It's another perfect morning at the California Coffee Cafè and Bistro, the favorite spot for the locals of the tiny, upscale California coastal town of Rancho Benecia. The fog is floating in from the harbor across the street as the regulars zip in and out or stay to chat, enjoying the ambiance of the little cafè.
Chuck, the owner, is standing behind the antique oak bar that had been there when the town was a harbor for the 19th century great sailing ships and the place was a watering hole for the waterfront's sailors of the sea. Now, though, Chuck proudly labored between it and his fantastically gilded espresso machine for this watering hole of a different era and all the friends it has made him.
He takes a moment, glances around, and smiles. Four of his favorite regulars are here right now.
In the center of the cafè with her grande double mocha is Sheila Marie Deveroux, one of the most recognized realtors in town.

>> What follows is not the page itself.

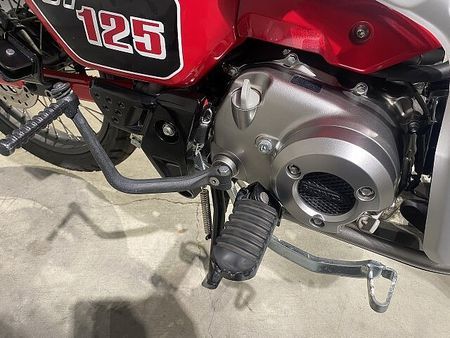 ホンダ CT125 ハンターカブ ハンターカブ125 2020年モデル 社外シートカスタム 11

Flamboyant to say the least, the eclectic woman, with her raven black hair, her bright outfits, and her happy way of talking with her hands, was hard to miss at her favorite table in the middle of the morning chaos. Chuck couldn't remember the last time he had seen her here alone. She always has someone with her, which of course Chuck likes since that means yet another coffee drinker, but he couldn't help but notice that whoever the current person was, Sheila Marie would be treating him or her like family, always. As she had always done with him.
"Chuck! A fill-up please!" Chuck turns his head to another of his regulars--Paul Kingston, a casually dressed, thirty-something good guy, holding out his empty vanilla latte. Paul, a fixture each morning in the corner booth, with his sports page and his own special coffee mug, is one of those trustworthy men who knows everybody and seems to know a little of everything, who loves spreading it around and who has found a home in network marketing. Chuck could not think of one bad thing he'd ever heard about Paul. Except that he was talking about cutting down on his latte consumption. And that made Chuck all but laugh since he'd just ordered another.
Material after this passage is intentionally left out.